A new but potentially important mechanism is the Congressional-Executive Commission on the People’s Republic of China (CECC), established in October 2000. Created by Congress in the law extending permanent normal trade relations status to China, the CECC has a mandate to monitor China’s compliance with international human rights law. Each year, the CECC must issue a report to the president and Congress that includes recommendations for executive or legislative action. To enable the CECC to meet its mandate, the administration and Congress must make this initiative a high priority, and funding for the commission should be substantially increased. The 23 appointed members of the CECC should be senior representatives of their institutions, and they should have credibility with the Chinese government to ensure that both they and the commission staff will be able to visit the country and do firsthand reporting. CECC members should also seek cooperation with similar institutions in other countries.

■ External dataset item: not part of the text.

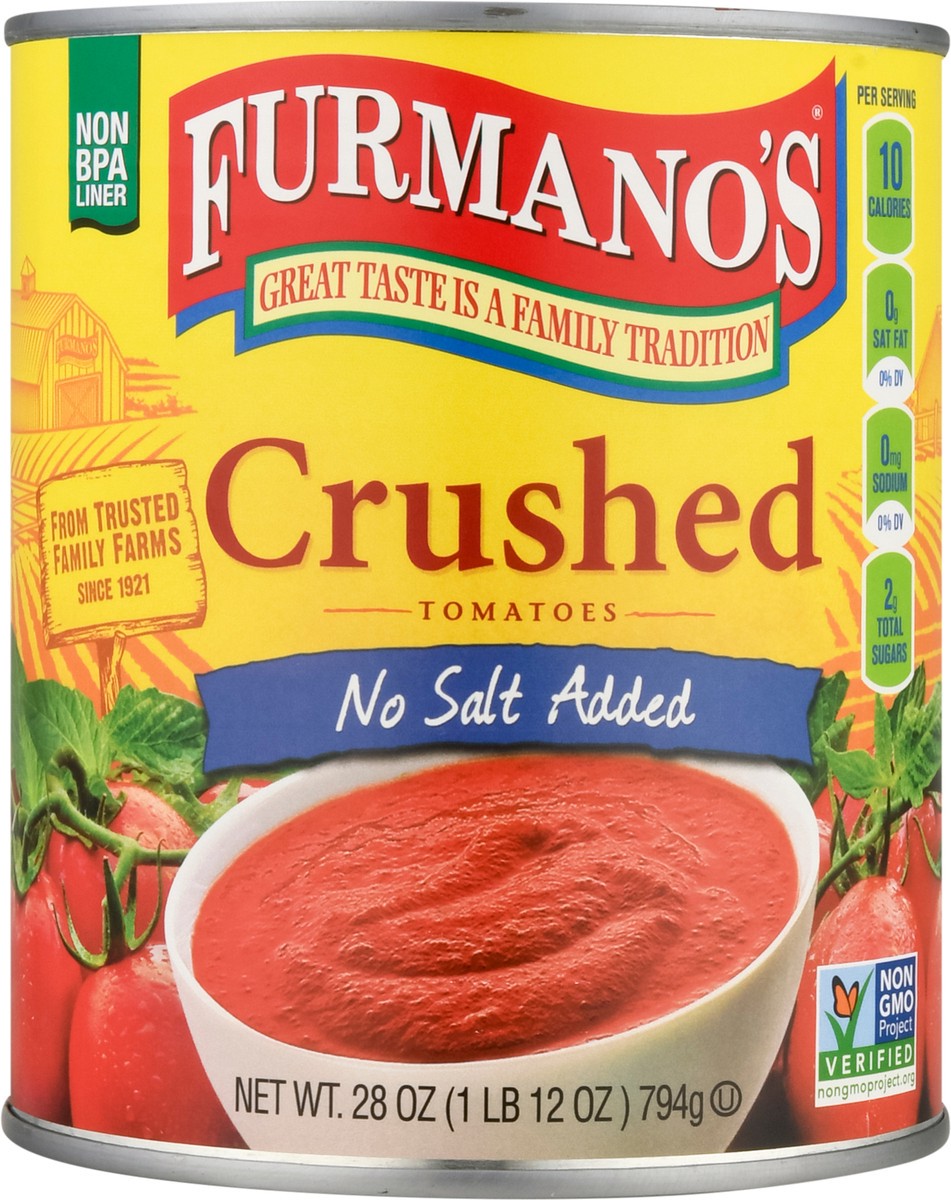slide 9 of 13, Furmano's Crushed Tomatoes 28 oz, 28 oz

The CECC offers the opportunity to work constructively with China on human rights concerns. The CECC could recommend or even provide technical assistance or financial support to the Chinese government in the areas of legal reform and human rights implementation. Labor rights is an issue in which the U.S. and China share many concerns, some of which will be exacerbated by China’s imminent accession to the WTO. By approaching this issue as equals with lessons to learn from one another, the U.S. could improve overall relations with China as well as advance an important international human rights agenda.
Promoting human rights in China is clearly in the best interest of the United States. Working to enhance the human rights situation in the PRC reflects democratic values and supports those inside China seeking political and social reform. In addition, by encouraging China to uphold its obligations under human rights treaties, the U.S. will likely strengthen China’s commitment to implementing other international agreements on issues of trade and security.